The Cromwell and ARA stoush has been playing out publicly since last year after ARA sought to appoint its representative Gary Weiss to the Cromwell board.
In March Weiss failed to secure a seat on the boast for the second time, after narrowly missing out in November last year.
Cromwell previously argued that Weiss was not a suitable candidate to join its board because of his involvement with Ardent Leisure and Estia Health, both ASX-listed companies facing their own unique challenges.
At the time, Cromwell said: “Cromwell welcomes Dr. Weiss’ belated acknowledgement of his over-boarding. However, Dr Weiss remains Chair of Ardent Leisure and Estia Health, companies which are each dealing with significant corporate issues, including fighting a class action, potential criminal prosecution under Queensland workplace laws, and the aged care royal commission. Including these two very challenging chairmanships, Dr Weiss will continue to hold the equivalent of eight director appointments.

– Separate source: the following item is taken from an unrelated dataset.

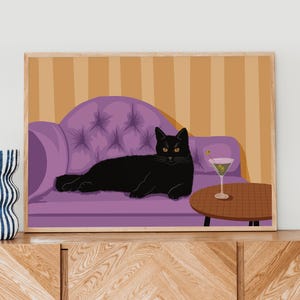 Black cat art print, Retro cat poster, Vintage style wall decor, Mid century modern feline, Cocktail lounge artwork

“It is troubling to Cromwell’s board and many securityholders that ARA continue to insist Dr Weiss is the only suitable candidate to sit on Cromwell’s Board. A reduction from nine to eight appointments still makes Dr Weiss one of the most over-boarded directors in Australia. The flippant comment that he ‘doesn’t play golf’ is, in Cromwell’s view, concerning given ARA’s steadfast refusal to require an alignment with best practice corporate governance standards expected by Australian investors.”